Lost in the Movies: Veronica Mars - "Spit & Eggs" (season 3, episode 9)

Veronica Mars - "Spit & Eggs" (season 3, episode 9)

Welcome to my viewing diary for Veronica Mars. I will cover each TV episode (and eventually the film), several days a week; this will conclude just as the revival (which I will also cover) premieres on Hulu. I have never seen this series before so there will be NO spoilers.

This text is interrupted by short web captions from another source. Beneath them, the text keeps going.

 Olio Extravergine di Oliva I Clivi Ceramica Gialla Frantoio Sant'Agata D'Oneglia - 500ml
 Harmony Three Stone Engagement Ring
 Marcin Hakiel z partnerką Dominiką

Story (aired on November 28, 2006/written & directed by Rob Thomas): Where to begin? "Spit & Eggs" reveals the result of Veronica's serial rape investigation, sets up an entirely new mystery arc, dives into the fraught tension between the Greek system and its opponents on campus, centers the simultaneous collapse of Dean O'Dell's personal and professional lives, and resolves - if that's the right word - Logan's and Veronica's relationship crisis. Let's take the last first; after a few days of tension, Logan tells Veronica he's been doing a lot of thinking. Things aren't going well between them because they have such different needs and neither one is going to change. Veronica always needs to be the star of her own show (literal or otherwise) and Logan doesn't want to be on the sidelines. Logan is distressed to be delivering this recognition but understands that sharp, immediate pain is better than something far more devastating if they cling to each other for longer. Veronica is stunned but seems, initially, unflustered. It takes hours for the full weight of the break-up to make her break down. From here on, for now, she'll be going it alone. Sort of.

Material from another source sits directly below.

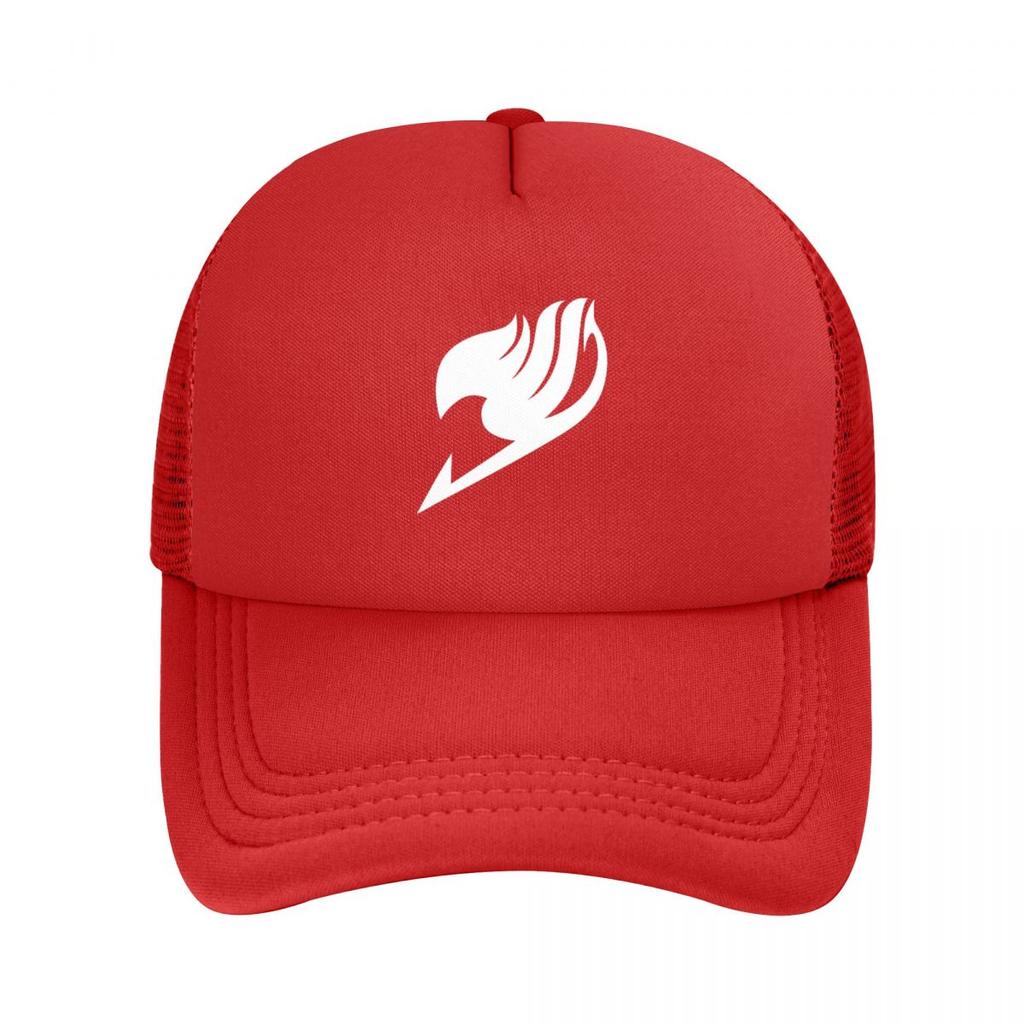 Anime Fairy Tail Baseball Cap for Unisex Women Bulk Snapback Trucker Hats Adjustable Unisex Fishing Mesh-Back Hats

Actually, when she attends Pi Sigma's big bash to celebrate their restoration, she's accompanied by her loyal (if grumbling) support squad: Mac, Wallace, and new recruit Piz who proves himself ably helpful and humorous in this entry, earning a place among the regulars. Armed with coasters which will change color if dipped in a drugged drink, they eventually discover a dosed cup with an absent girl's name. Logan insists chivalrously that Veronica let him handle this one time and races off to the girl's dorm before Veronica realizes that in fact it was the little girl's sister using her name and ID - so she must go off in another direction. And as she leaves the party she hears Mercer's voice over the speakers and realizes that he does actually pre-record his call-in programs. The young man cleared by her when he was in police custody IS actually the Heart serial rapist - or at least, one of them.

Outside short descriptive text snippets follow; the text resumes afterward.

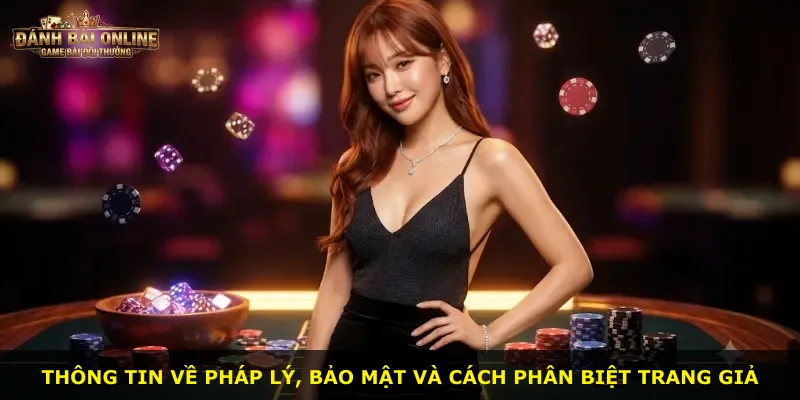 Thông tin về pháp lý, bảo mật và cách phân biệt trang giả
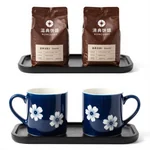Midnight Bloom Ceramic Mugs Set - 1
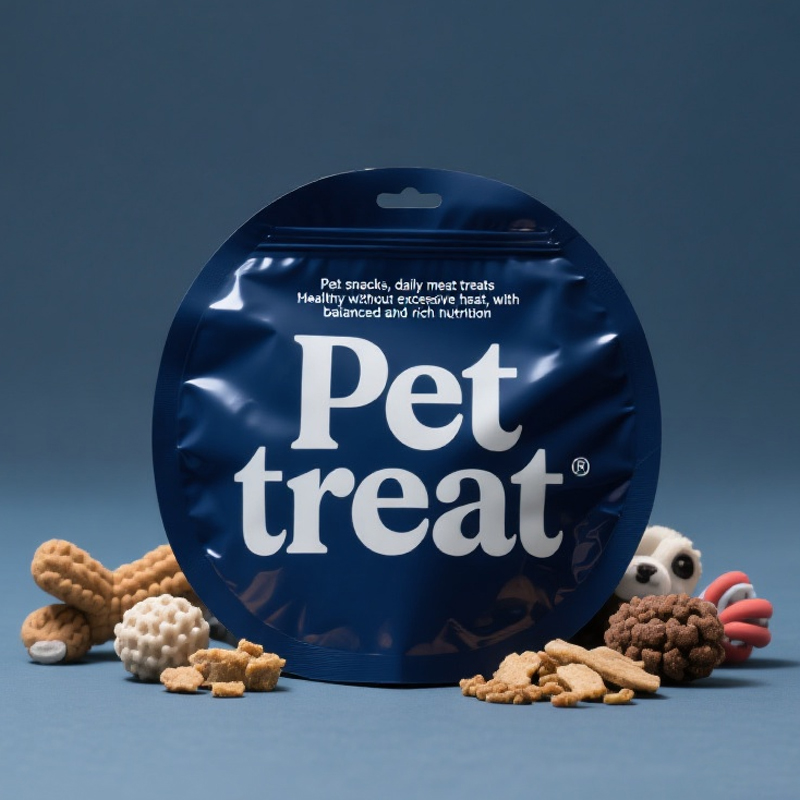 Free Sample Custom Printed Unique Special Shaped Pouch with Window for Pet Food - image 2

In the next victim's room, Mercer monologues about his desire to shut women up before he uses them for sex and then he discovers Veronica lying under the covers, waiting for him. There's a violent confrontation - he's stabbed in the leg with a unicorn horn of all weapons - and Veronica races through the hallways (a sequence we already witnessed in this episode's brief cold open) only to be rescued by mild-mannered RA Moe Slater (Andrew McClain), who participates in the Take Back the Night safety patrol. He hides Veronica safely away in his room and gives her some water, but as she drinks it she looks at his bulletin board and sees something horrifying: a photo of Mercer and Moe together, one wearing the "prisoner" shirt, the other the "guard" t-shirt from that sociology experiment. And then the GHB hits. Mercer forcefully orders a subservient Moe around as they chase Veronica, who is helped by a hammer, a whistle, Parker's yell, a phone tracker, and Keith's pursuit. Logan, sent down the wrong path at the party, couldn't be there for the capture. But he decides to make up for this later by smashing a police car with a baseball bat. This lands in the sheriff's jail cell...the same cell where Mercer and Moe are currently lodged. Logan grins ear to ear as the cell door closes him inside with the two people he would most like to physically destroy.

Through this all, Dean O'Dell is caught in the middle of Hearst's emerging civil war at the same time his own marriage comes apart. The episode opens with a float commissioned by Lilith House, featuring a giant pig as their image of the frat boys they're about to kick off campus. Then the tide turns when wealthy Pi Sigma alum Mel Stoltz (Jeremy Roberts) threatens to withdraw funding if the Dean doesn't reinstate Greek life. Based on an alleged conflict of interest among one of the trustees who voted to ban the system at Hearst, plus a technicality in the bylaws, the Dean announces that fraternities and sororities will, indeed, stay on campus. Now it's the bros parading around campus - possibly naked (network censorship demands a certain coyness on these matters) - while the angry feminists egg the Dean's car and rock it back and forth threateningly. But this is not what upsets Cyrus the most. (I never mentioned his first name before by the way, but it's one of the show's many clever touches - considering the looming threat he poses to the "Greeks.") As all of this is unfolding, the worried middle-aged man is also having his young, attractive wife investigated.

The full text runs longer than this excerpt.